Task to complete -> Output nothing but the lines from the beginning of the listing below through the line containing "Lyle & Scott Lyle", exactly as they stand, without pictures.
==== Data listing ====
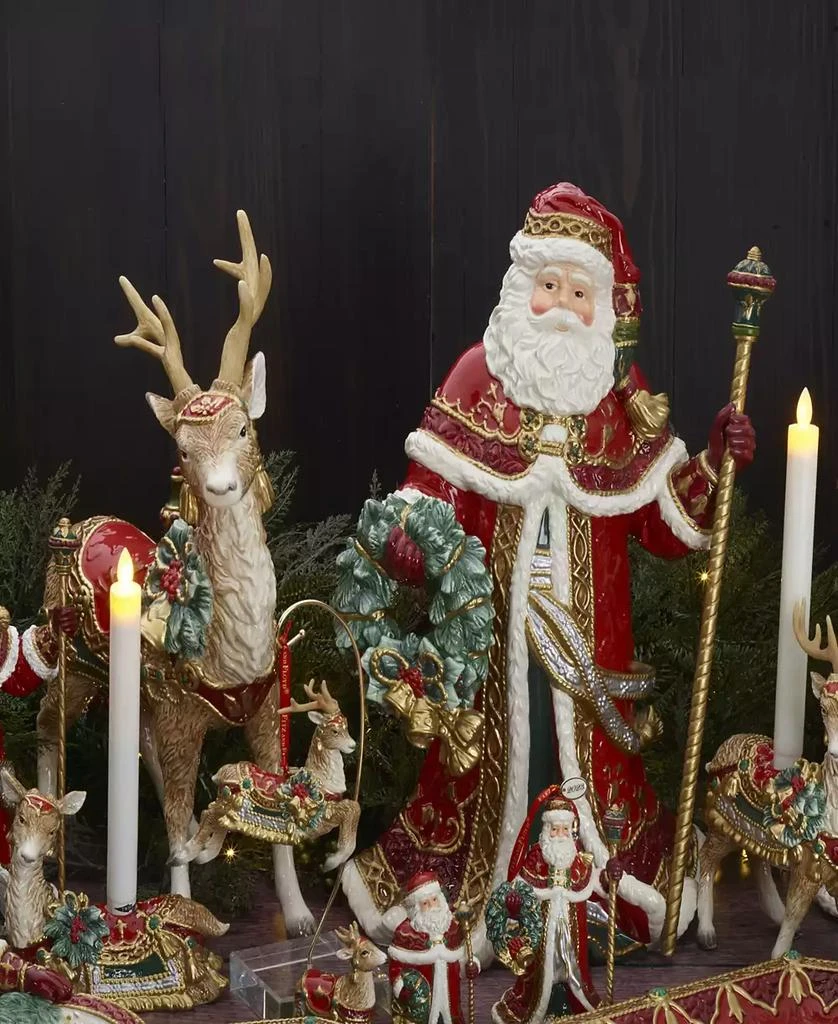 Fitz and Floyd Noel Holiday Grand Santa Figurine, 19.25-in 5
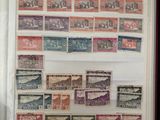 un livre avec beaucoup de timbres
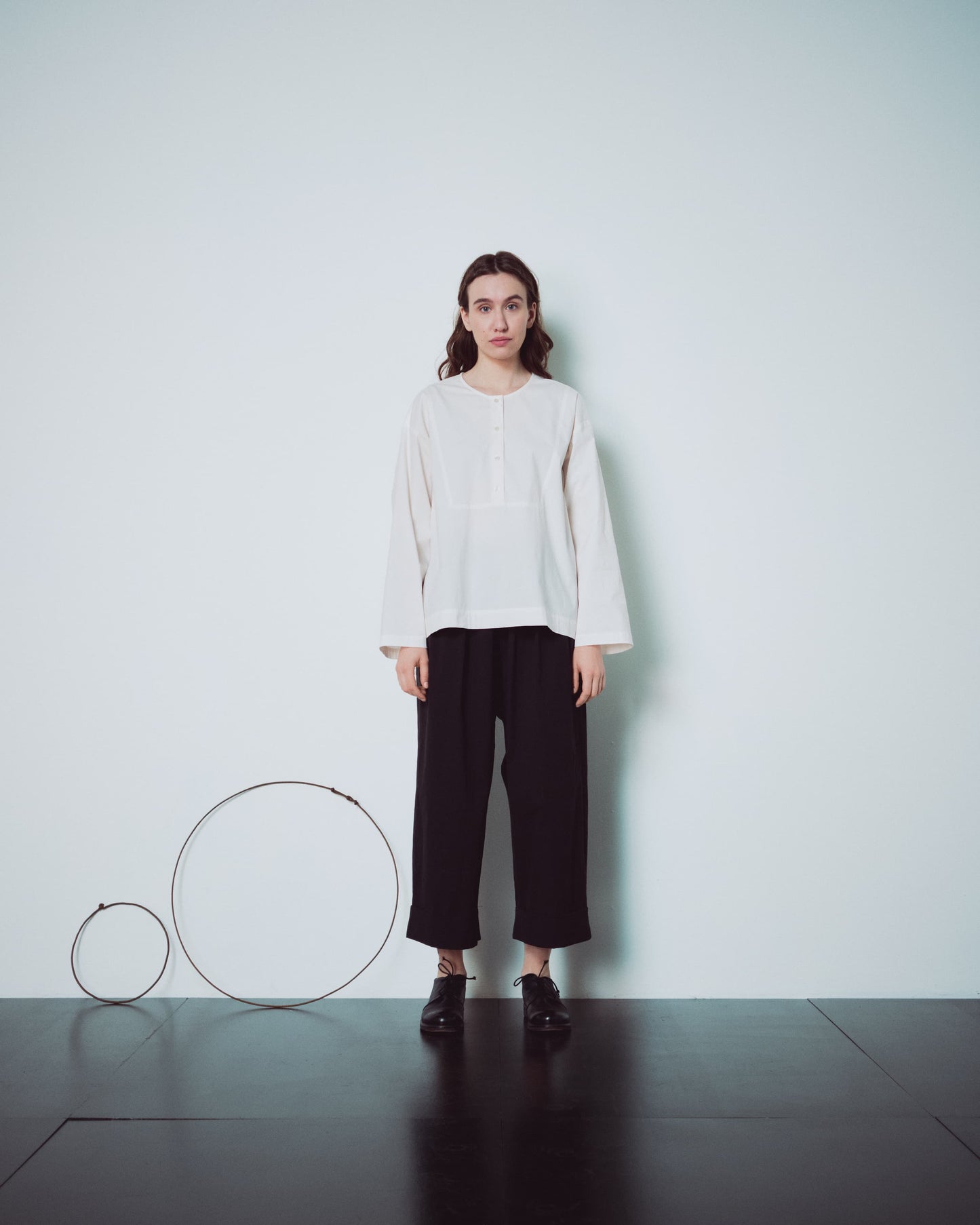 Black Cuffed Hems Pants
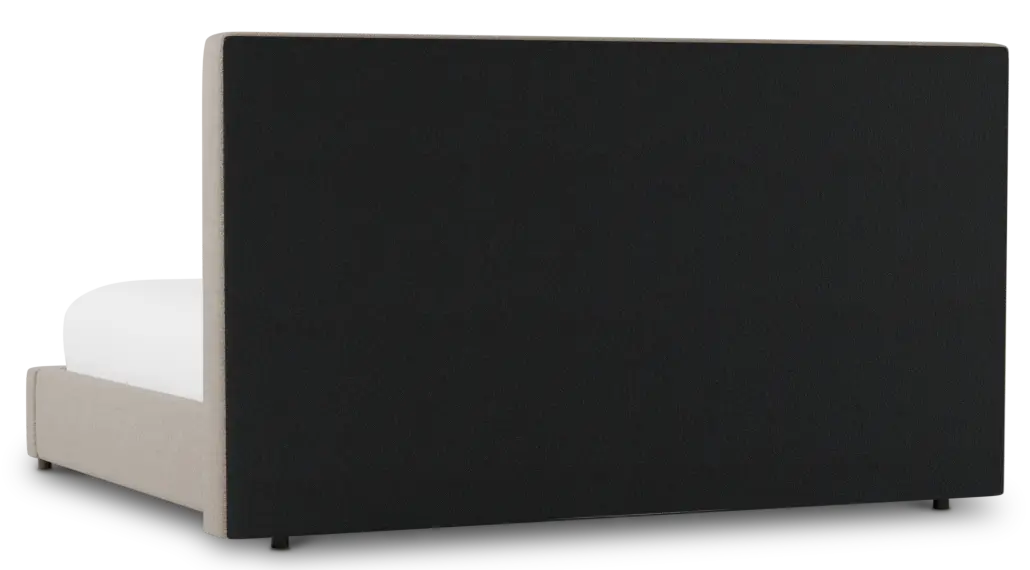 Grayton Elite Brown 54" Upholstered Platform Bed Grayton Elite Brown 54" Upholstered Platform Bed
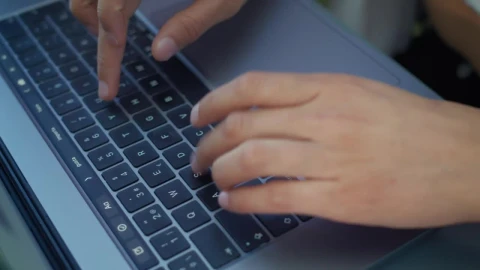 Stock Video Business Woman Concentrating On Her Laptop Live Wallpaper For PC - Free Live Wallpaper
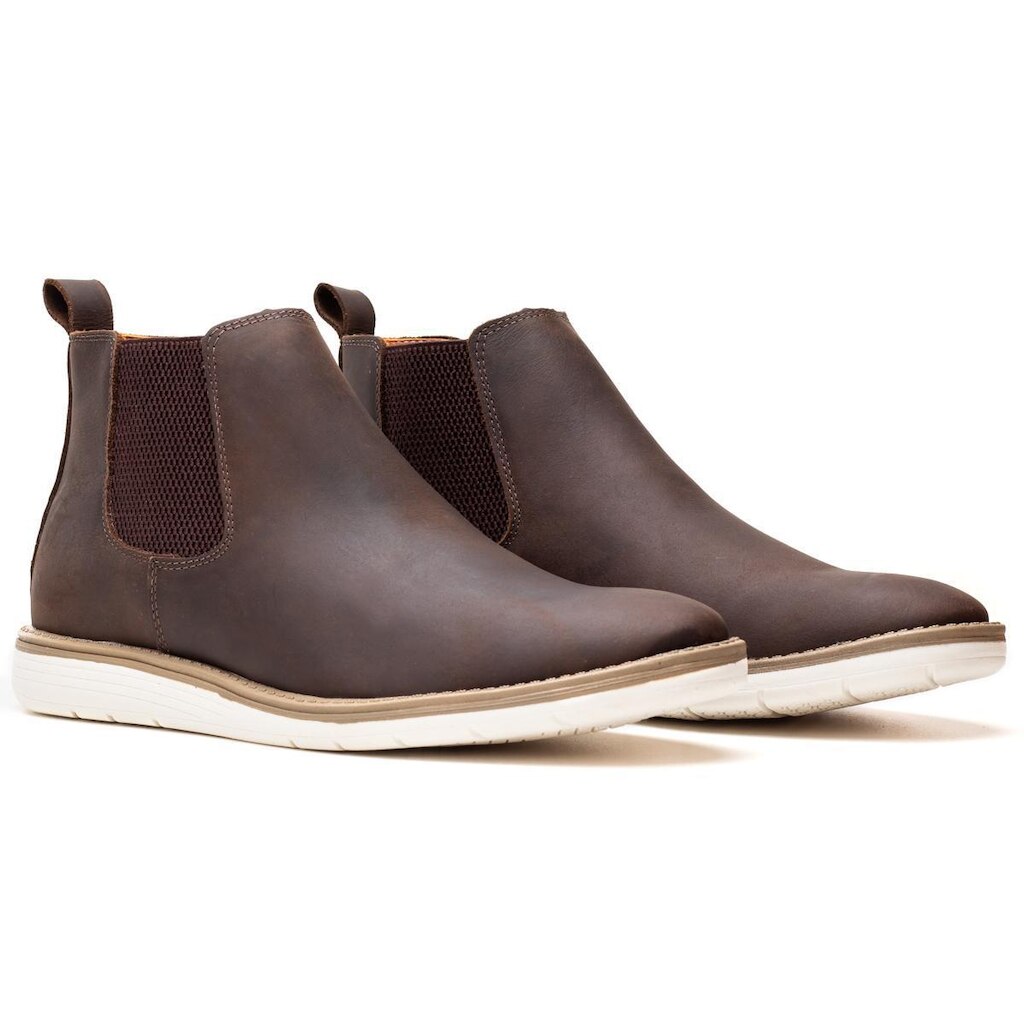 Bota Masculina Ranster em Couro legítimo Rústica, Resistente e Elegante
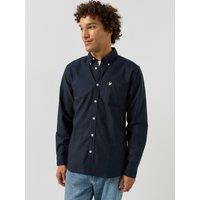 Lyle & Scott Lyle & Scott Plain Oxford Shirt - Navy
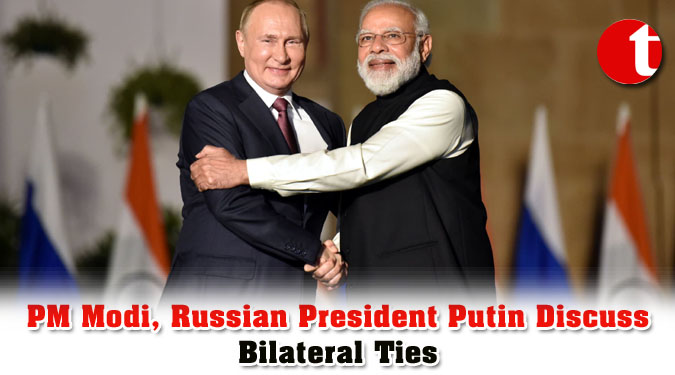 PM Modi, Putin Discuss Bilateral Ties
====
Result of this task ->
 Fitz and Floyd Noel Holiday Grand Santa Figurine, 19.25-in 5
 un livre avec beaucoup de timbres
 Black Cuffed Hems Pants
 Grayton Elite Brown 54" Upholstered Platform Bed Grayton Elite Brown 54" Upholstered Platform Bed
 Stock Video Business Woman Concentrating On Her Laptop Live Wallpaper For PC - Free Live Wallpaper
 Bota Masculina Ranster em Couro legítimo Rústica, Resistente e Elegante
 Lyle & Scott Lyle & Scott Plain Oxford Shirt - Navy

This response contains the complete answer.